### What is required
When you reach the line containing "VRM SCIFI PILOT" in the entries below, start writing out each line exactly, and stop after the line containing "Daisy Ribbed Long Sleeve Tee".

___ Record excerpts ___

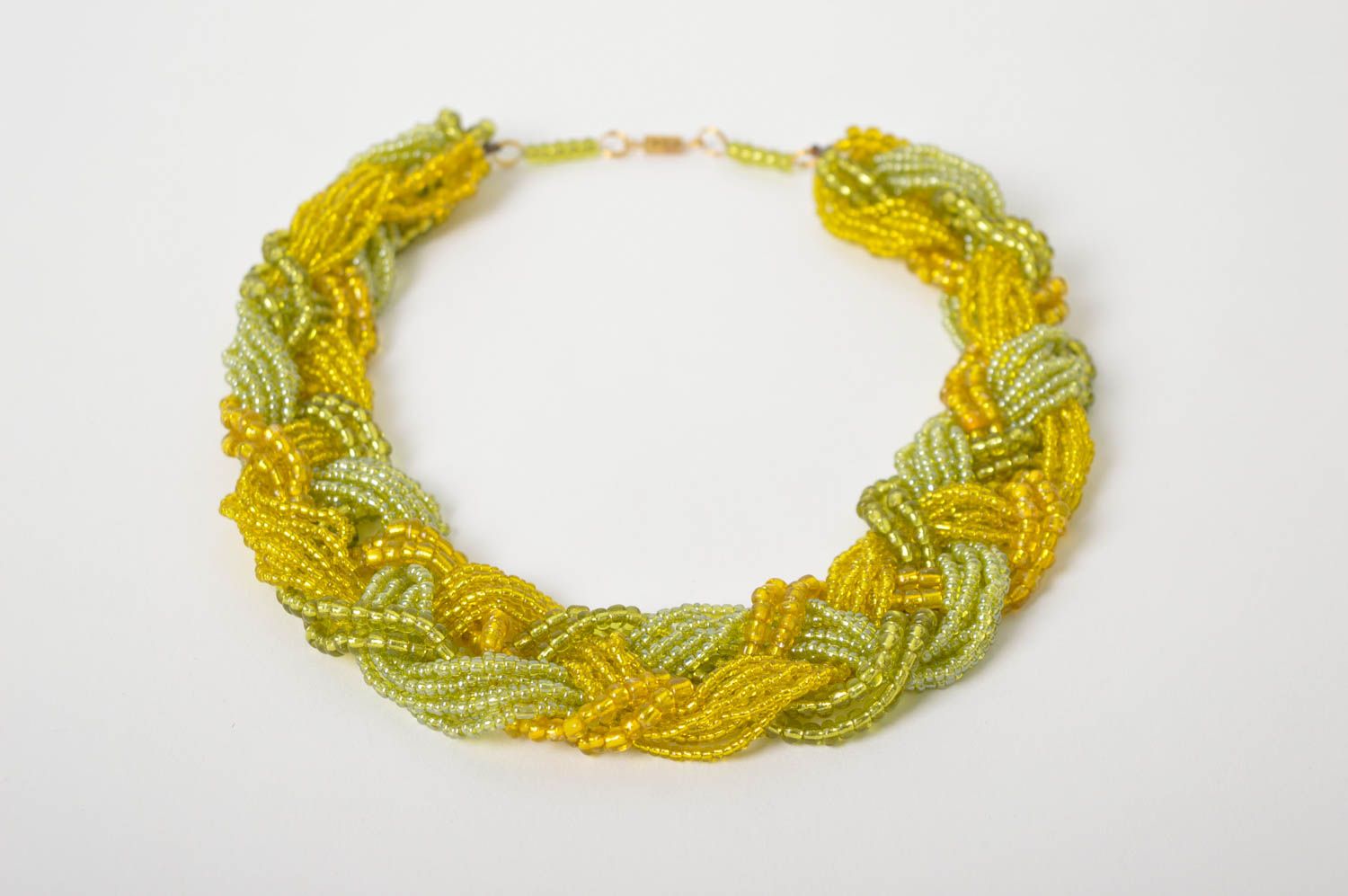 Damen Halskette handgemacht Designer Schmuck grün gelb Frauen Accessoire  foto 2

___
___ Record excerpts ___

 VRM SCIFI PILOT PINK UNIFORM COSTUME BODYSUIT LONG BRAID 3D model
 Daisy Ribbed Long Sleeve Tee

___

### Output for this task
 VRM SCIFI PILOT PINK UNIFORM COSTUME BODYSUIT LONG BRAID 3D model
 Daisy Ribbed Long Sleeve Tee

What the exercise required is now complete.